In diesen Bereich fallen alle Tätigkeiten und Managementprozesse, die mit der Auswahl, Weiterentwicklung und Vermarktung von materiellen Produkten und immateriellen Dienstleistungen zu tun haben. Bestandteile sind:

 

  • Produktvariation:

Funktionelle, gestalterische und physische Eigenschaften verändern, Imagewandel, Namensänderung

  • Elimination:

wenn z.B. ein Produkt sich negativ auf das Image auswirkt, Artikel im Fanshop, die sich nicht verkaufen

  • Neue Produktideen finden
  • Neue Produkte entwickeln und einführen
  • Produktdifferenzierung:

Einführung einer neuen Variante eines bereits bestehenden Produkts. Damit kannst du ein neues Image erreichen und neue Kundengruppen ansprechen

  • Produktinnovation
  • Programmpolitik:

Dabei wird unterschieden nach Programmbreite und Programmtiefe.
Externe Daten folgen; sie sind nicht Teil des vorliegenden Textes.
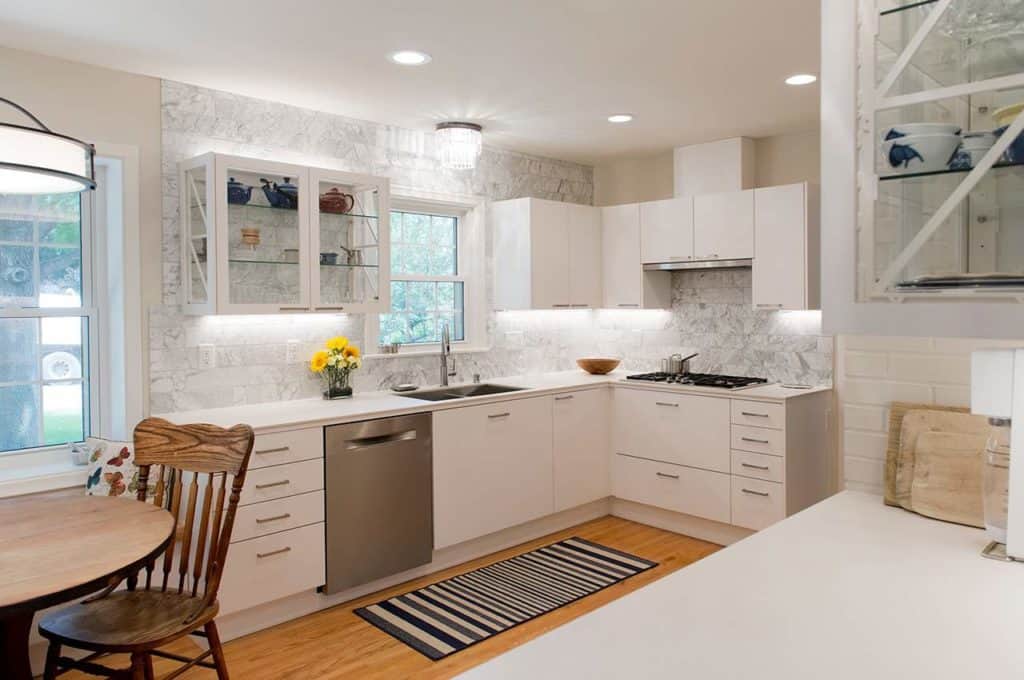 bright and functional modern white kitchen ideas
Ersteres betrifft die Anzahl der unterschiedlichen Produktlinien/-kategorien. Kategorien sind z.B. Bekleidung, Accessoires und Tonträger. Zweiteres meint die Anzahl der unterschiedlichen Produkte bzw. Produktvariationen in den Kategorien. In der Kategorie Bekleidung z.B. Pullover, Hose und Socken.

  • Servicestrategien:

Wie reagierst du, wenn ein Veranstalter berechtigt oder unberechtigt unzufrieden war. Oder ein Kunde, der einen Artikel von dir gekauft hat. Wie wichtig ist dir Service generell? Mein Tipp: Verhalte dich fair und sei selbstkritisch.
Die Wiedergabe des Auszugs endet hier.